核心概念
PI3D, a framework that fully leverages pre-trained text-to-image diffusion models to generate high-quality 3D shapes from text prompts in minutes.
摘要
The paper presents PI3D, a framework that efficiently generates high-quality 3D shapes from text prompts by leveraging pre-trained text-to-image diffusion models.
The key ideas are:
- Representing a 3D shape as a set of "pseudo-images" - a triplane representation that shares semantic congruence with orthogonal rendered images.
- Fine-tuning a pre-trained text-to-image diffusion model to generate these pseudo-images, enabling fast sampling of 3D objects from text prompts.
- Using a lightweight refinement process based on Score Distillation Sampling (SDS) to further improve the quality of the sampled 3D objects.
The authors show that PI3D significantly outperforms existing text-to-3D generation methods in terms of visual quality, 3D consistency, and generation speed. It can generate a single 3D shape from text in only 3 minutes, bringing new possibilities for efficient 3D content creation.
The paper also includes an ablation study that examines the impact of depth loss in triplane fitting, the probability of training with real images, and the classifier-free guidance scale.
統計資料
PI3D can generate a single 3D shape from text in only 3 minutes.
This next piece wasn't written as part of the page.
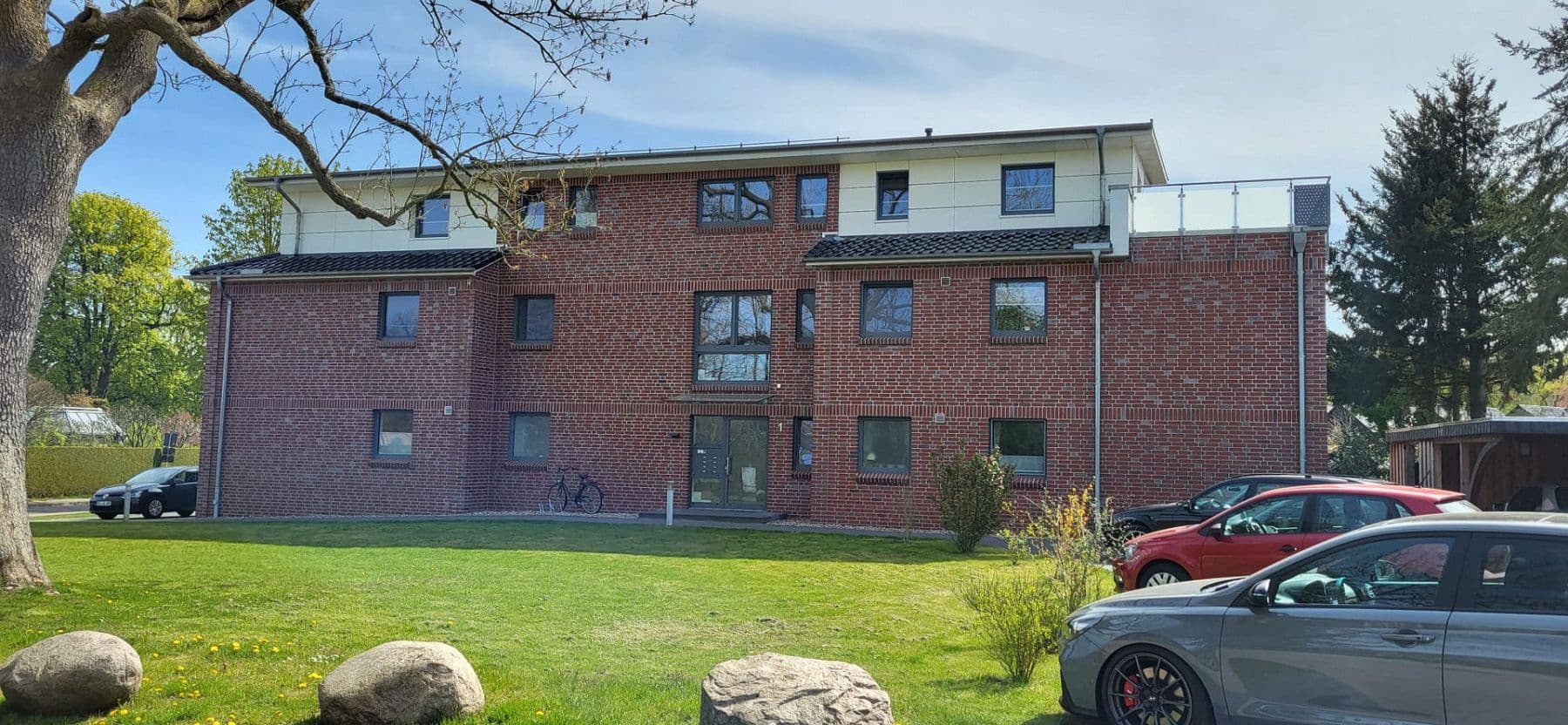 Prenájom bytu 2-izbový 83 m², Lütjensee, Šlezvicko-Holštajnsko Prenájom bytu 2-izbový 83 m², Lütjensee, Šlezvicko-Holštajnsko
PI3D significantly outperforms existing text-to-3D generation methods in terms of CLIP Score and CLIP R-Precision metrics.
引述
"PI3D, a framework that fully leverages pre-trained text-to-image diffusion models to generate high-quality 3D shapes from text prompts in minutes."
"The core idea is to connect the 2D and 3D domains by representing a 3D shape as a set of Pseudo RGB Images."
"PI3D generates a single 3D shape from text in only 3 minutes and the quality is validated to outperform existing 3D generative models by a large margin."